The synthetic polymers, polyacrylonitrile (HIPAN or VPRG), are added to the muds to reduce the filtration index of the drilling systems studied, and partially hydrolyzed polyacrylamide (PHPA) is used for the further research and development of new compositions.
By adsorbing on the solids particles, creating insulating layers, these reagents prevent peptization, flocculate the solids particles, and generally create an inhibition effect [22]. Synthetic polymers also influence the rheological characteristics of the drilling fluid and reduce hydraulic resistance during circulation [42].
Polyacrylonatrile reduces the solids effect (increase in mud volume, density, and viscosity due to the transfer of drilled clay rock into the mud) during drilling and enhances the lubrication and anti-sticking properties of the drilling fluid. When interacting with clay particles through chelate bonds, strong polymer-clay structures and polymer membranes are formed, contributing to reduced rock swelling.
PHPA is a copolymer containing two or more different types of monomers (acrylate and acrylamide). The two monomers bond together to form a linear carbon chain. Molecular structure of PHPA is shown in Figure 4. However, acrylamide is a water insoluble compound, so copolymerization with sodium acrylate is necessary to achieve solubility. Carboxylic group in the polyacrylate facilitates the conversion of PHPA into an anionic polymer. Strong carbon–carbon bonding makes PHPA thermally stable and resistant to bacterial decomposition.
Inhibition occurs through the following mechanisms:
(1)
Encapsulation: РHPA encapsulates the clay scales and the wellbore due to the fact that the polyacrylate has too high an affinity to the positive clay edges. Because РHPA has a long polymer chain and a high molecular mass, it bonds to multiple sites along the borehole, i.e., the anionic -COO groups are attracted to the positively charged particle edges, helping to form a protective coating along the borehole that prevents the clay from coming into contact with water. The encapsulation process also prevents water from entering the interlayer structure of the clay.
(2)
Increasing the viscosity of the filtrate (thickening of the aqueous phase): This slows down penetration of the liquid into the interlayer structure of the clay.
(3)
Adsorption (the taking-up of free water by the polymer): This reduces the amount of water “available” for hydration of the clay [9].

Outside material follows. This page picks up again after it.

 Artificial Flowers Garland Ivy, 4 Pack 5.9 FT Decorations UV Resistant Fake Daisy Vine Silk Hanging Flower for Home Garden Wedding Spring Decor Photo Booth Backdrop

In this case, if the polymer consisted only of anionic carboxylic functional groups, which have too high affinity to the positive charges of the clay particles, the forces of attraction on contact would separate the clay particles from each other, which would lead to dispersion of the clay. Amide group (-NH2) allows the polyacrylate groups to distribute some distance from the cations on the clay particles. The same effect can be observed for the sludge. The polymer helps to isolate the sludge particles, which allows for more efficient cleaning of the solution on the surface [40].

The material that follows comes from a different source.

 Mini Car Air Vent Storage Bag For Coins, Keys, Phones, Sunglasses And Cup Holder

Efficiency of a particular polymer depends on the ionic strength of the solution. Each of the polymers has its own effect on changing the technological properties of the polymers. Therefore, finding the right concentration of a particular polymer or a combination of polymers is a challenging and relevant task in order to increase the efficiency of the solution.
The rheological and filtration parameters of the prepared base mud were determined in the laboratory using the equipment presented earlier. Results obtained are presented in Table 2.

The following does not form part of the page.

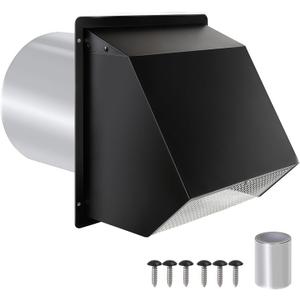 8 Inch Hooded Wall Vent with Screen and Damper, Exhaust Vent Cover Outdoor Dryer Vent Cover Outside External Extractor Wall Vent Hood for Kitchen Range Hood and Dryer, Bathroom, Basement(Black)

In the second stage, the basic formulation was improved in order to optimize rheological and filtration characteristics, increase the inhibiting capacity of the drilling fluid, and improve the quality of wellbore cleaning by using hydrolyzed polyacrylamide (PHPA) of different molecular mass (from 12 M to 27 M) as a substitute for VPRG. The concentration of PHPA in each of the solutions is 0.5 g/L. When the concentration of PHPA was increased up to 2 g/L, the Weissenberg effect was observed (the mud was coiled up on the stirring element), so it was decided to reduce the amount of PHPA. The main parameters of the developed drilling fluids are presented in Table 3.

Evaluation of the Inhibiting Capacity of Developed Formate-Based Drilling Fluids

Numerous investigations prove that the problem of improving wellbore stability in unstable clay deposits can be solved by incorporating electrolytes and polymers into the solution used.
Inhibiting the capacity of a flushing fluid refers to its ability to prevent or slow down deformation processes in the near-wellbore space. Since swelling and dispersing are continuous processes, the use of encapsulating polymeric reagents is justified because a polymer of this type will slow down both processes [22,25,43].
To assess the inhibiting capacity, a basic drilling fluid treated with VPRG and four fluids with the addition of PHPA are tested.
PHPA performs the following functions in the drilling fluid: It reduces the filtration of drilling mud; acts as an encapsulant, i.e., penetrates cuttings and clay particles by means of ion attraction and hydrogen bonding; acts as a clay inhibitor, i.e., prevents or slows down hydration, or disperses of mud; and prevents caving and erosion of clays.
Formulations of the highly mineralized formate systems investigated contain two reagents with inhibitory properties: Potassium formate and PHPA. Potassium formate is the strongest inhibitor of the monovalent formic acid salts. Due to the high concentration of K+ ions, which reduces the intrusion zone of the filtrate into the formation, it is effective in suppressing clay hydration. Potassium formate contributes to the stability of the borehole by the following mechanisms: Reduction of pore pressure Ppore due to low water activity index and creation of reverse osmosis; reduction of swelling pressure Pswell (K+ is more effective than Na+ and divalent cations); and reduced permeation of the filtrate (Darcy′s law)—the filtrate has a higher viscosity than other salts.
In order to predict and solve problems with unstable rocks encountered during well construction, the Fann Linear Swell Meter (LSM 2100) is used to measure the degree of swelling of a clay sample by soaking it in the test fluid. Figure 5 shows the time dependence (h) of the swelling percentage of the clay sample in different solutions obtained with the LSM 2100.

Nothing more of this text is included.